Bahaya peritonitis tidakbesar. Parut pada uterus umumnya kuat sehingga bahaya rupture uteri
dikemudian hari tidak besar karena dalam masa nifas segmen bawah uterus tidak seberapa
banyak mengalami kontraksi seperti korpus uteri, sehingga luka dapat sembuh lebih
sempurna.

b. Sectio Caesaria Klasik atau Sectio Caesaria Corporal

Merupakan pembuatan insisi pada bagian tengah korpus uteri sepanjang 10-12 cm dengan
ujung bawah di atas batas plika vesiko uterine.
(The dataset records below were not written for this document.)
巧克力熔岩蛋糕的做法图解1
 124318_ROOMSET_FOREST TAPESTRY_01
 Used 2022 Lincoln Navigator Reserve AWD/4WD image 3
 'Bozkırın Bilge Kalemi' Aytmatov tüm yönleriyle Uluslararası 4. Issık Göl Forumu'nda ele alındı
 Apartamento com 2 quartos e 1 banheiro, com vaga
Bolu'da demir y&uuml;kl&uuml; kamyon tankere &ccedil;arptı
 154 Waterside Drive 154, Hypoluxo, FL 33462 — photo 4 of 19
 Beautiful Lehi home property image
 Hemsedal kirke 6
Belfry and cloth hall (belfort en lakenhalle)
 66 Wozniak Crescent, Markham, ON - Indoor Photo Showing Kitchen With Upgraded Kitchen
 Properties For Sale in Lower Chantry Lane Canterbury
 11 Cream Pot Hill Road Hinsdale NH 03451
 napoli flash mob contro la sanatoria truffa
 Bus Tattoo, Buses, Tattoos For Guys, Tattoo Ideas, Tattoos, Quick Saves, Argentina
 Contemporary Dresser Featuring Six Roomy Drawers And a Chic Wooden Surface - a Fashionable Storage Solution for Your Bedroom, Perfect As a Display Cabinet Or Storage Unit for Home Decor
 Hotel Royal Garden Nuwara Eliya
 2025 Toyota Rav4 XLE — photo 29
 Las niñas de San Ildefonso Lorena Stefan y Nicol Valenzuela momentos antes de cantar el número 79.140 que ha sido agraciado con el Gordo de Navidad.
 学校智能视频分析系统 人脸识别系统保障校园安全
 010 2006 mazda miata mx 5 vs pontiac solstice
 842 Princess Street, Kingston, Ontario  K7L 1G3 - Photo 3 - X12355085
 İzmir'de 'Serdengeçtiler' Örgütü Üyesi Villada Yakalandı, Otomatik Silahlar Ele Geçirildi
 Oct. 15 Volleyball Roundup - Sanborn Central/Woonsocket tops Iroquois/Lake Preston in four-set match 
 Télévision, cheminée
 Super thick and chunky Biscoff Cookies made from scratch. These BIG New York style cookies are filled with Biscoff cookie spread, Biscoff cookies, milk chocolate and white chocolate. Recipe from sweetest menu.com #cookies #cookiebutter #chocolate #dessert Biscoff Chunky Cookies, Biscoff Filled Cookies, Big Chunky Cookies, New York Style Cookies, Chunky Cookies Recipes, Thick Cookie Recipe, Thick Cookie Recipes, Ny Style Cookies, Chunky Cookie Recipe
Insisi ini dibuat hanya diselenggarakan
apabila ada halangan untuk melakukan sectio caesaria transperitonealis profunda (misalnya
melekat eratnya uterus pada dinding perut karena Sectio Caesaria yang dahulu, insisi di
segmen bawah uterus mengandung bahaya perdarahan banyak berhubungan dengan letaknya
plasenta pada plasenta previa). Kekurangan pembedahan ini disebabkan oleh lebih besarnya
bahaya peritonitis, dan kira-kira 4 kali lebih bahaya rupture uteri pada kehamilan yang akan
datang. Sesudah Sectio Caesaria klasik sebaiknya dilakukan sterilisasi atau histerektomi.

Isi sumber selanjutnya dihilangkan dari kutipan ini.